Rework Replies #20

right-mouse · 2023-03-04T20:49:23Z

Reworks the "reply" portion of eelbot so that it uses the database for selecting a reply from. Replies are also more dynamic in nature and support matching using regex.

boarnoah · 2023-07-01T21:05:11Z

This PR proposes the following IIUC,

A reply is defined as a regex pattern + some config (the prompt), along with a list of replies (some prompts might only have one reply but others might have lots) that Eelbot will reply with once there is a match.

The way this data is organized in the database is a unconventional.
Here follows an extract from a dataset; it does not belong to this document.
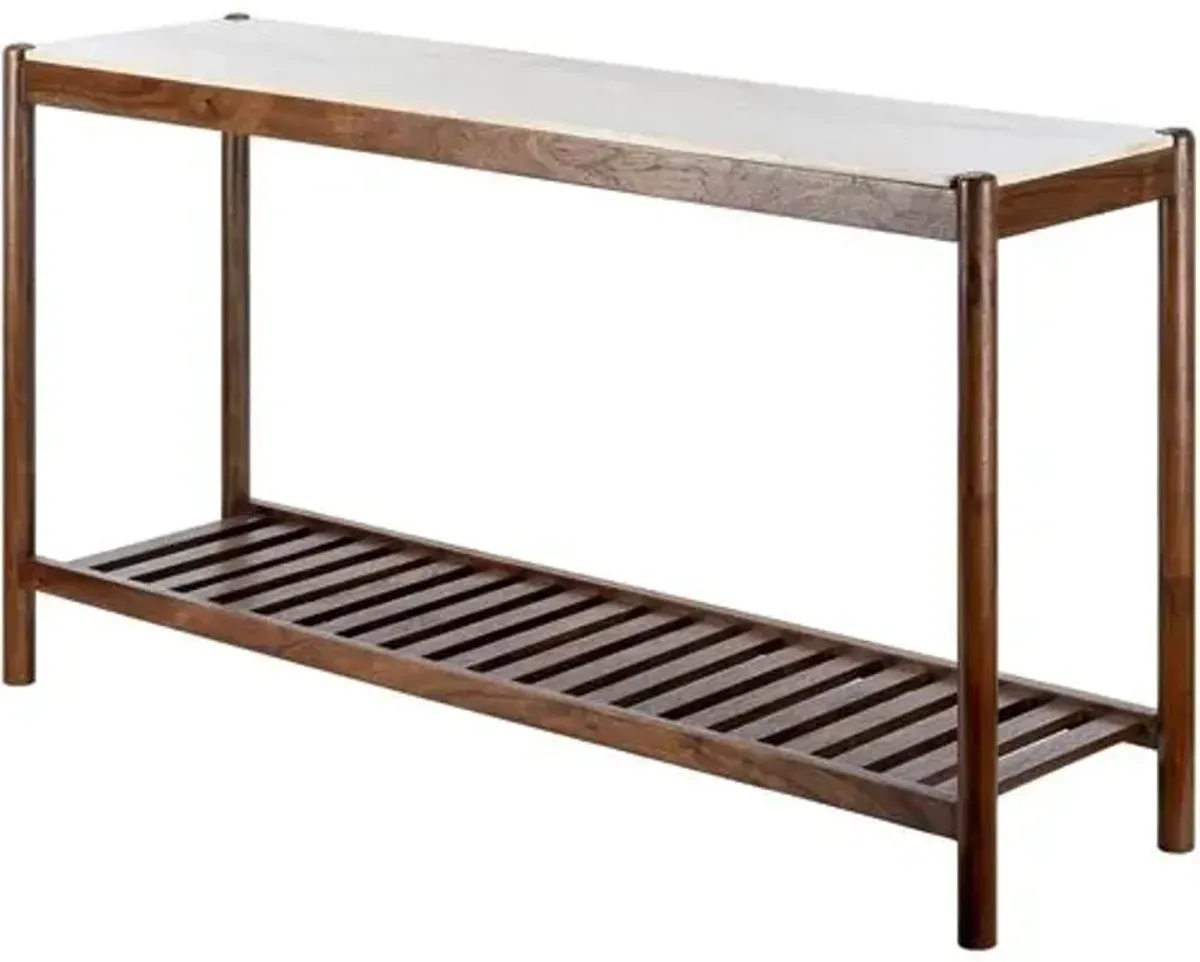 Yiliana Marble Top Console Table - Brown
Conventional thinking to me suggests organizing the data as follows

A prompts table, which stores regex pattern(s) & the associated config
A replies table with a FK to the prompt table, by which we can select a reply that is suitable for a given prompt

This design is:

Prompts are stored in config, the pattern & the associated config
Prompts point to replies.<reply-type> tables, so in general there would be N reply tables for N prompts (you could have multiple prompts point to the same reply table)
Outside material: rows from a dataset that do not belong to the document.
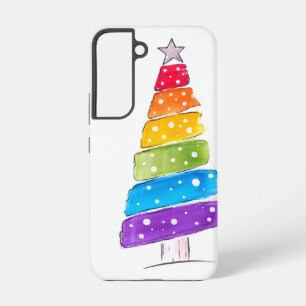 Coque Samsung Galaxy Arbre de Noël Pin moderne aquarelle coloré
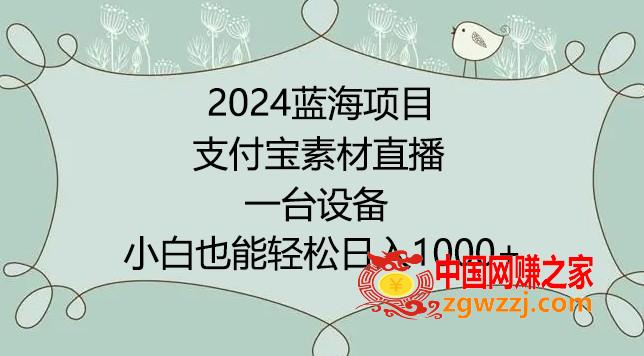 2024年蓝海项目，支付宝素材直播，无需出境，小白也能日入1000+ ，实操教程【揭秘】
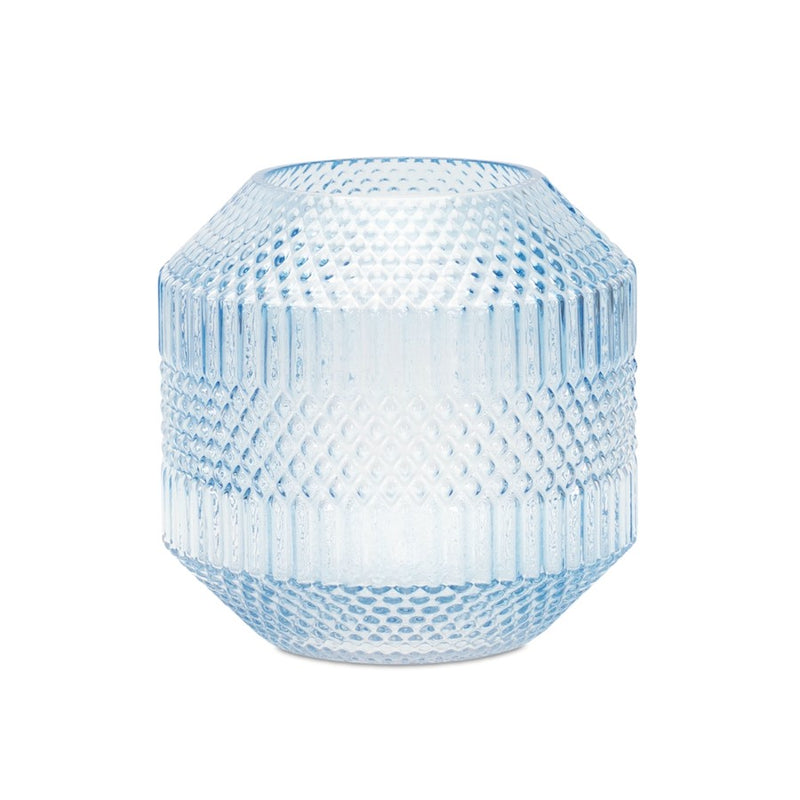 Melrose Diamond Pattern Blue Glass Vase or Candle Holder 6.5"H - 85549DS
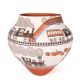 LARGE POTTERY JAR WITH TRAINS BY BARBARA & JOSEPH CERNO (ACOMA)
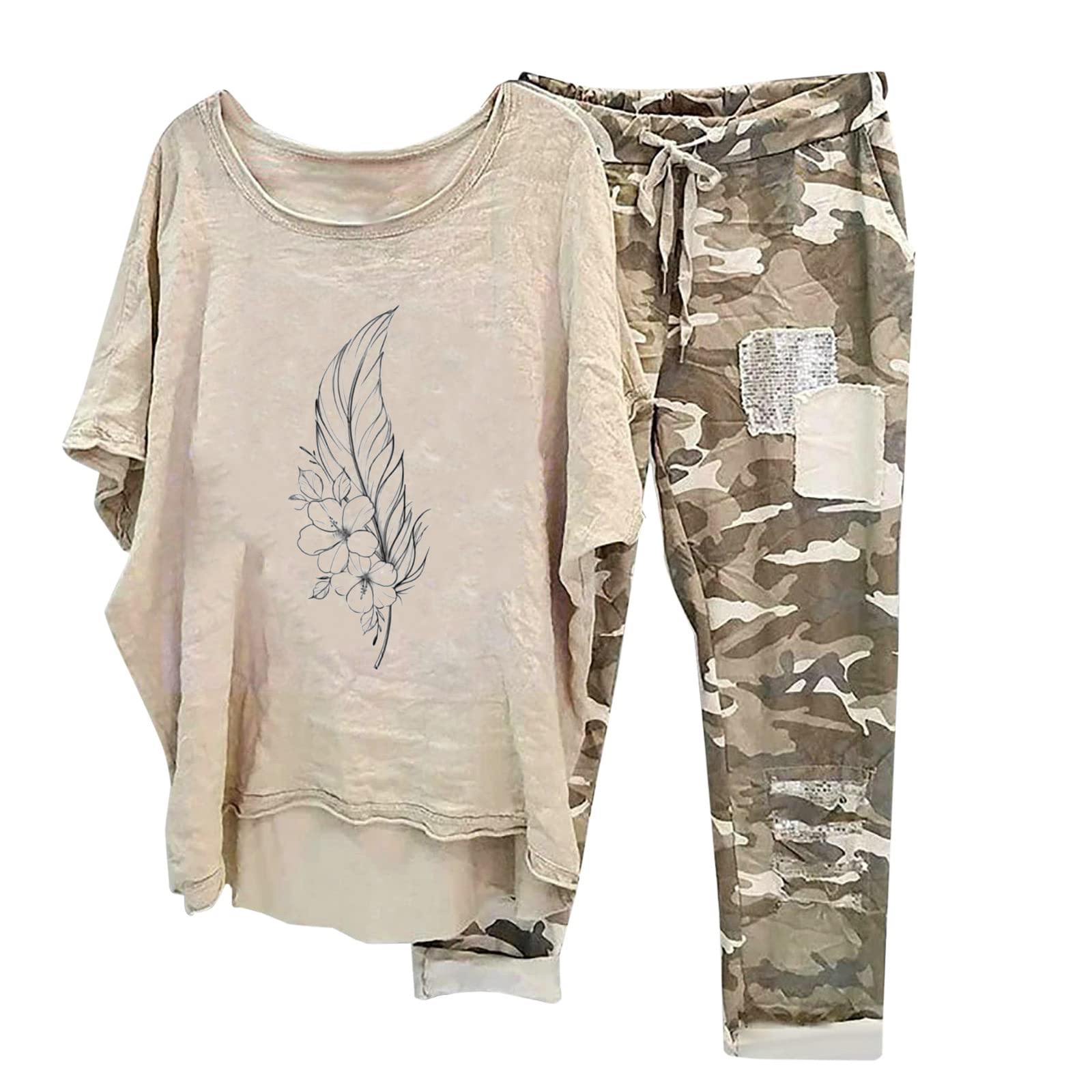 Women's Matching 2-Piece Sweatsuit Set - Comfy Lounge & Vacation Outfit - Plus Size Shorts & Top Set - Cute Couple Pajamas - Perfect for Relaxing at Home, Beach Trips & Cozy Weekends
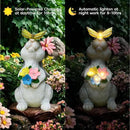 Solar Bunny Statues Light with Butterfly LED - Auto On/Off Weathproof Resin Garden Figurine Decor Gift for Pathway, Patio & Mom's Flower Bed (Warm Light) by CozyNest Decor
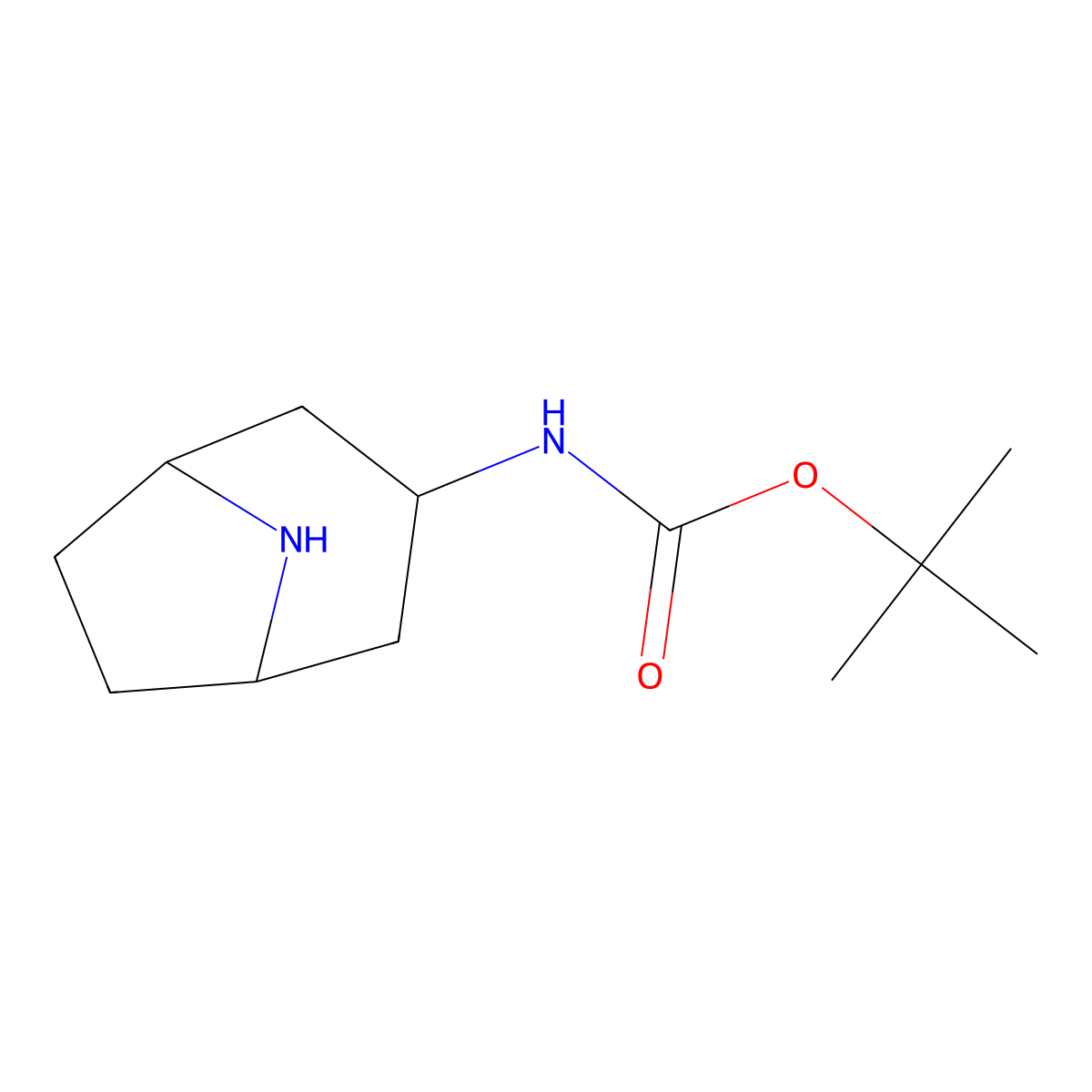 tert-Butyl 8-azabicyclo[3.2.1]octan-3-ylcarbamate molecular structure, CAS 287114-25-4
There isn't any obvious examples of people doing this in relational DBs, and while I personally do feel a more conventional design would have suited our purpose, it will be interesting to investigate this further, to see

if it has been done before
if there are advantages to this approach when dealing with large data sets

So a bunch of thoughts & follow up work (not necessarily needed for this PR to merge) in no particular order

Some of these questions / points are better thought of in the context of "how would something similar to this behave with a very very large dataset, the typical: 'How would you build twitter?' realm of questions"
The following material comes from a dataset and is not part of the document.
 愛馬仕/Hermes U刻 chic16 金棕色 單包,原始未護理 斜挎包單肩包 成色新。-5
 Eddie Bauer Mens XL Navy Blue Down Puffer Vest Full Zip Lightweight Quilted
this looks a lot like how document databases typically do horizontal scaling by implementing the concept of a sharding with partition key
- not similar to a relational database's concept of partition, which is generally used to split a homogenous dataset by time etc... into separate tables under the hood.
- I can't find too many examples of a design like this with relational databases, but would like to gather them to see any pros/cons, closest I found was: https://news.ycombinator.com/item?id=28776786, there is plenty of material about read replicas for high availability for relational DBs out there, this is more complex than that
minor point, wonder if this will cause DB tools like PGAdmin etc..., to keel over quite soon since the number of tables in the schema grows with the database, in fairness I suspect if this kind of design was done at a large scale you are likely using bespoke tools to interact with it anyway
as you mentioned this makes maintaining a gapless sequence much easier
- in a typical one large table design, there is IIUC always a hard limit with trying to maintain a gapless sequence & scaling up for multiple writers, since with this design a typical write interacts with a much smaller table, this is not an issue
- in fairness to Postgres, https://www.postgresql.org/files/developer/concurrency.pdf as I understand it typical works at a row level, which means in most cases you can already do concurrent writes, you would need to sacrifice having a gapless sequence however. Curious if that is a worthy sacrifice in most situations
with our current design this is built around all the data being organized into tables that share the same table design, this does not require it
- similar to typical document databases, this means we could if we want organize data differently by generation or type if desired
- Wonder if this could be an advantage with large databases compared to a more conventional design. Where your time for migrations that mutate existing data (ex: splitting data off from a table etc...) increases with the amount of data you have (presumably linearly)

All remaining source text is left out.